====== RECORD EXCERPTS

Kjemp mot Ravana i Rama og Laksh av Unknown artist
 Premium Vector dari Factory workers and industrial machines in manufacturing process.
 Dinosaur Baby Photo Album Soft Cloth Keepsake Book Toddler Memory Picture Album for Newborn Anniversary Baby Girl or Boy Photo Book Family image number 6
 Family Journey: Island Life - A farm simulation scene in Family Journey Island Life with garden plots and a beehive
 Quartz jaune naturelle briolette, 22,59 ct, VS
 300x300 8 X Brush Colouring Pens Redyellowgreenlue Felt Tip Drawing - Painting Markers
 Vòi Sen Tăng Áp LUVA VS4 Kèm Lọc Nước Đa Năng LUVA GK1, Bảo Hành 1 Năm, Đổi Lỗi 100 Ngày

============

## TASK ITEM
The word is "Family". Copy every line above where it appears.

## SOLUTION TO THE PROBLEM
 Dinosaur Baby Photo Album Soft Cloth Keepsake Book Toddler Memory Picture Album for Newborn Anniversary Baby Girl or Boy Photo Book Family image number 6
 Family Journey: Island Life - A farm simulation scene in Family Journey Island Life with garden plots and a beehive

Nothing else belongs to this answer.